#### [Exercise brief]
Copy every line of the data below exactly as given, except for the pictures.

#### [Dataset section]
·····

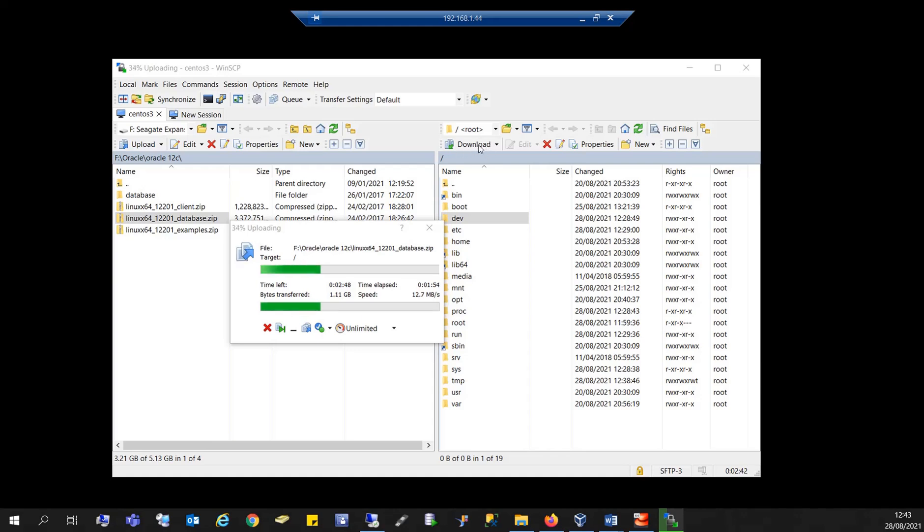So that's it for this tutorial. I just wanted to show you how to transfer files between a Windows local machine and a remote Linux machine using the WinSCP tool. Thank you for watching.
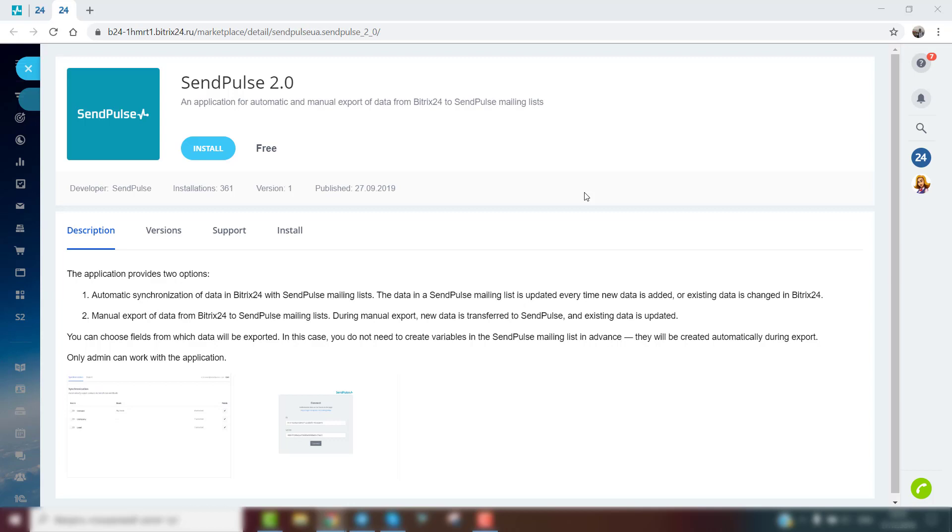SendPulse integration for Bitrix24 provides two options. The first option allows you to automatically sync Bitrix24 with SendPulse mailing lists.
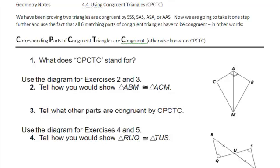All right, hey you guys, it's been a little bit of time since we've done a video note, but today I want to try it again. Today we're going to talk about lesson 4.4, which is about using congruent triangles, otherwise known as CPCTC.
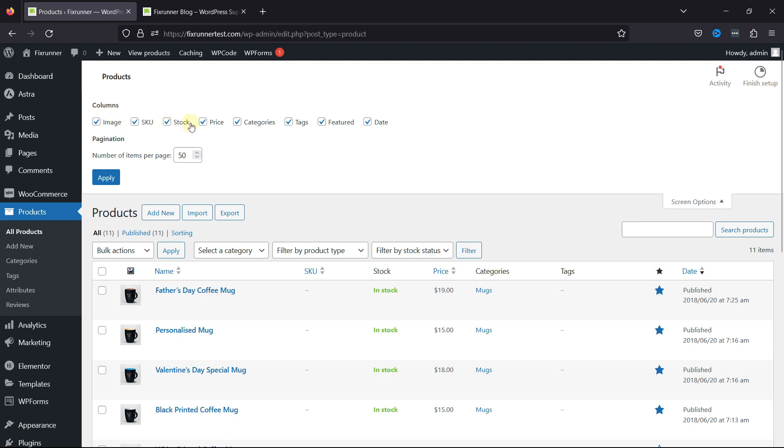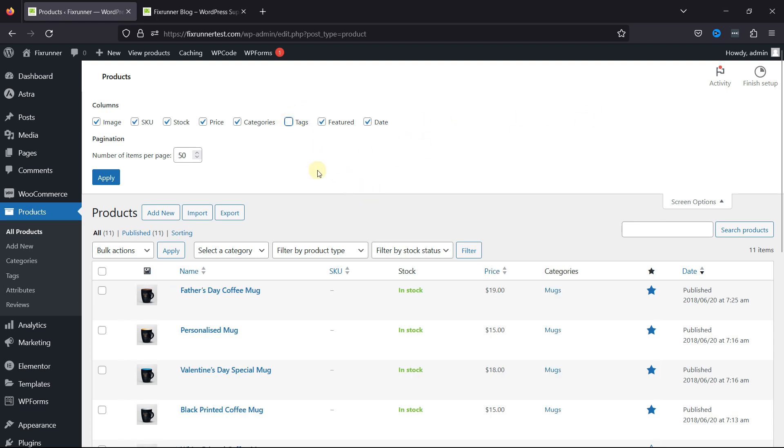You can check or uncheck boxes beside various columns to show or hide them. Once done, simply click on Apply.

·····

#### [Solved problem]
So that's it for this tutorial. I just wanted to show you how to transfer files between a Windows local machine and a remote Linux machine using the WinSCP tool. Thank you for watching.
SendPulse integration for Bitrix24 provides two options. The first option allows you to automatically sync Bitrix24 with SendPulse mailing lists.
All right, hey you guys, it's been a little bit of time since we've done a video note, but today I want to try it again. Today we're going to talk about lesson 4.4, which is about using congruent triangles, otherwise known as CPCTC.
You can check or uncheck boxes beside various columns to show or hide them. Once done, simply click on Apply.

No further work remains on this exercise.